• [TASK]:
Everything from the first line of the data through the line with "Hi! In front" is to be echoed exactly, minus the pictures.

• [GIVEN INFORMATION]:
########################################
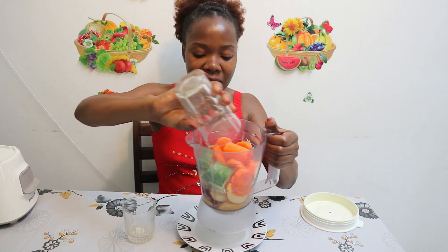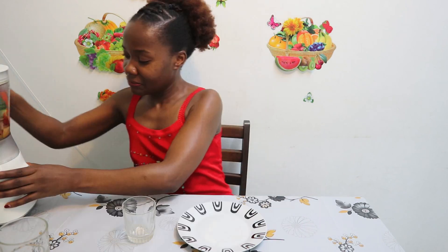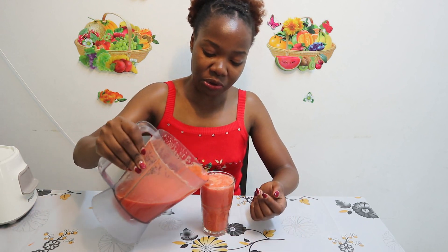Then I add my water. You can have it just like that or you can strain it — it's up to you.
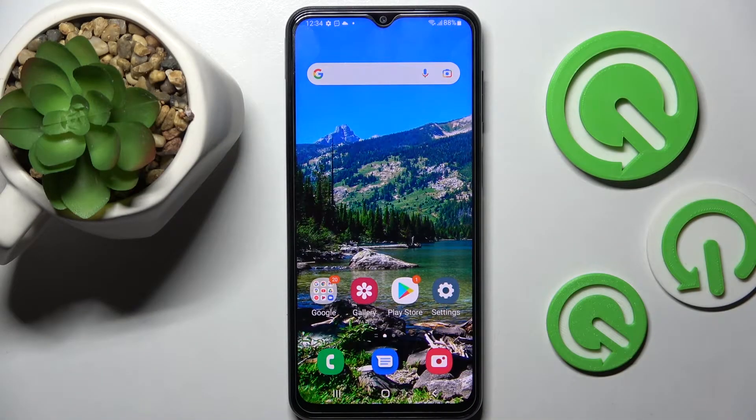Hi! In front of me is Samsung Galaxy M23 and today I would like to show you how you can set up screen lock on this smartphone.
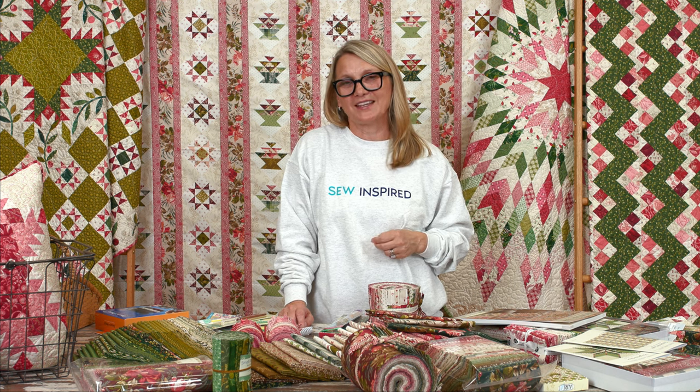Thank you so much for watching our show. It was my pleasure to share the Joy collection with you today. Have a wonderful weekend, wish me luck on my travels — I'm going to post pictures from the Dior show. Happy quilting!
########################################
• [FINAL ANSWER]:
Then I add my water. You can have it just like that or you can strain it — it's up to you.
Hi! In front of me is Samsung Galaxy M23 and today I would like to show you how you can set up screen lock on this smartphone.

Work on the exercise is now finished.